Os elementos góticos permeiam a história e dão todo o clima que o autor queria dar a ela. Sejam os prédios cinzentos e basicamente abandonados porque quase não vemos transeuntes em uma Gotham com neve caindo a todo momento. O único momento mais claro é no final em uma cena bem tocante que não posso mencionar. A cidade parece bastante opressora para o leitor e a iluminação é difusa porque ela parece não conseguir penetrar na névoa branca que está sobre Gotham. A casa de Bob é bem simples e com poucos móveis. Mas, queria destacar a maneira como ela parece ser o único local iluminado em uma cidade escura e cinzenta. Todas as vezes em que aparece uma tomada da casa de Bob é sempre com esse contraste entre a calidez do amor de pai e filho e das trevas da cidade que desejam engoli-lo. O outro ponto iluminado está presente na figura do Superman. E esse Superman do Bermejo me remeteu imediatamente ao desenhado por Frank Quitely em Grandes Astros Superman. Não pelo traço, já que ambos possuem abordagens artísticas diferentes, mas pela aura que eles passam. É aquela bondade e carinho que transbordam do personagem, seja no olhar ou nos gestos. Enquanto Batman é um homem atormentado e seus gestos são bruscos e repentinos, o Superman estende a mão, abraça e procura ser compreensivo com suaves movimentos corporais. Nas cenas em que ele aparece, o quadrinho ganha um segundo foco de luz, além da casa de Bob.
O Batman de Noel é o Scrooge. É um homem que é atormentado e triste. Se o Scrooge era uma pessoa abandonada por seus familiares, Bruce Wayne é alguém que perdeu muito de seu coração ao longo de sua cruzada. A morte do Robin o entristeceu. Mais do que isso, fez desaparecer o sorriso de seu rosto. Selina Kyle, a Mulher-Gato, busca trazer isso de volta. Ela se regozija nas aventuras da perseguição entre os dois, quase que uma forma de o Batman cortejá-la, a fazer se sentir desejada. Mas, esse é um homem diferente do passado. Ele quer acabar com o crime, e seu coração ficou frio como o gelo.
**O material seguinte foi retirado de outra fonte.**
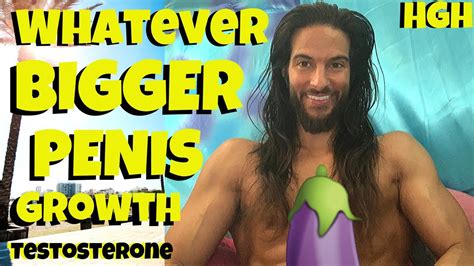 Whatever Bigger Penis Growth Raise Testosterone Hgh Youtube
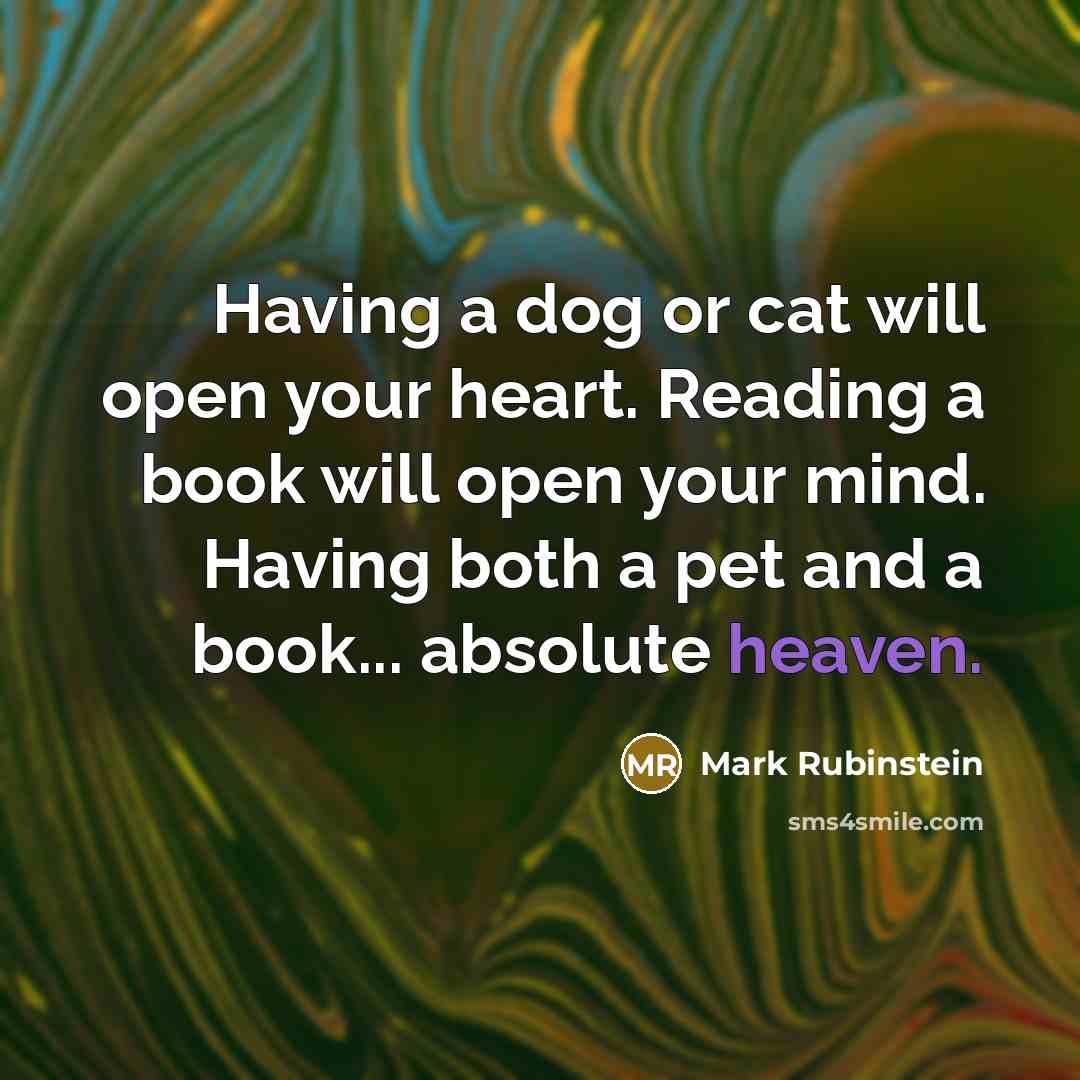 “Having a dog or cat will open your heart. Reading…” quote by Mark Rubinstein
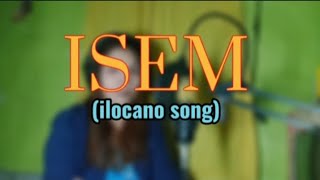 ISEM ilocano song cover [upl. by Acinorehs]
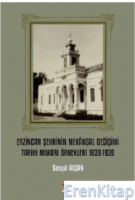 Erzincan Şehrinin Mekânsal Değişimi Tarihi Mimari Örnekleri 1839-1939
É preciso acabar com vilões como o Pinguim, o Duas-Caras, o Coringa. Somente assim, seu espírito vai poder ter paz. Mas, essa parece ser uma guerra sem fim. E durante a guerra as pessoas mudam. Contudo, achei a abordagem de Bermejo meio exagerada para o personagem. Ele é quase um vilão aqui e eu até consigo entender que isso é para criar uma conexão maior entre o Batman e o personagem criado por Dickens.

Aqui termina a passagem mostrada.